- guia de um ordinário vernáculo -


domingo, 11 de abril de 2021

CRÔNICA 2

 Há que se esconder a raiva, ou ignorar os pedidos de socorro que todos damos silenciosamente, pois é proibido gritar no cotidiano dos dias imóveis.

Caminhamos, pois é necessário caminhar, assim nos ensinaram quando abriram os caminhos de calcário vermelho e fizeram nossas pernas fortes para a queda e para a pedra.

Amanhã retorno aos ritos cotidianos do ganhar o pão que me alimentará até cessar a necessidade de ser carne e corpo. Ressinto-me das pequenas humilhações que o ofício impõe. Sinto como uma espinha de peixe, e não há vela santa que possa me desengasgar da arrogância que os clientes da educação levantam sem pejo. Fui lenhado em cruz por levantar bandeira. Fui taxado de comunista por refletir cotidianamente sobre a injustiça da nossa vida. Que outra coisa eu posso fazer? além de falar, falar e ocasionalmente escrever, mesmo que não me leiam, mesmo que me apagam, mesmo que não haja baú para minhas apalavras?

Consequências da solidão. Há algo de prisioneiro na minha obstinação. Quero ficar vivo, e pressinto que poderei vencer, como tantos outros desesperançados, este momento iracundo. Transito entre os círculos do inferno destinados ao furibundos, longe de qualquer resignação, suntuosa palavra. 

Quando corro pela orla da Barra, encontro comportamentos mesquinhos nos rostos limpos, mesmo em tardes pandêmicas. Como não ter raiva, em todo lugar, em todo tempo? Por mim, por aqueles que morrem, por aqueles sem condições de viver.

Vamos sendo afligidos todos os dias por notícias terríveis. O bolso aperta, e eu tenho tantos sonhos. Tenho vergonha da situação que nos colocaram.

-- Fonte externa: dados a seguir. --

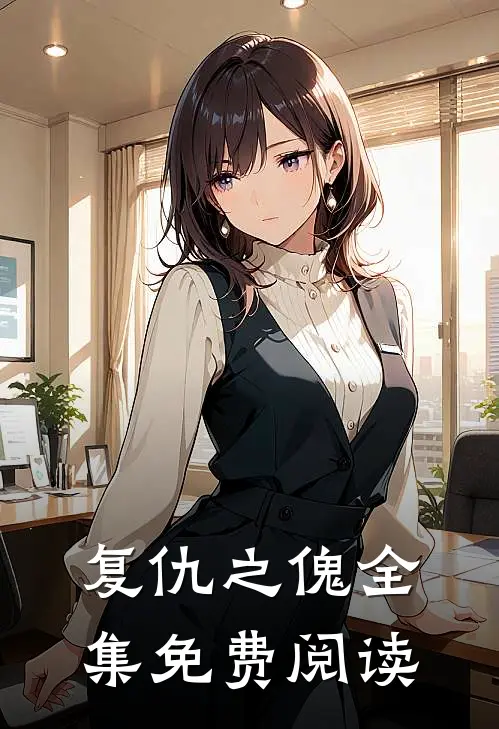 复仇之傀全集免费阅读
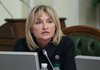 Ukraine awaits decision of Arbitration Tribunal on Kerch Bridge in 2019 – Iryna Lutsenko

E acima de tudo, tenho raiva, tenho raiva. Se eu pudesse transfigurar minha raiva em ação, e essa ação nos poupasse lágrimas! Mas não existem milagres neste mundo, cada mais percebo. Não há justiça, também. Há caos e coincidências, providências do universo. Por enquanto, tenho que transformar a raiva em paciência.

Tudo passará, e aqui não rezo cristiano. Tudo passará porque nenhum de nós poderá se adiar indefinidamente. Mesquinhos, nossa corrida em calcários vermelhos não nos levará muito longe.

São os tempos, são os tempos.
Fomos felizes e as paredes nos dão prova da esperança.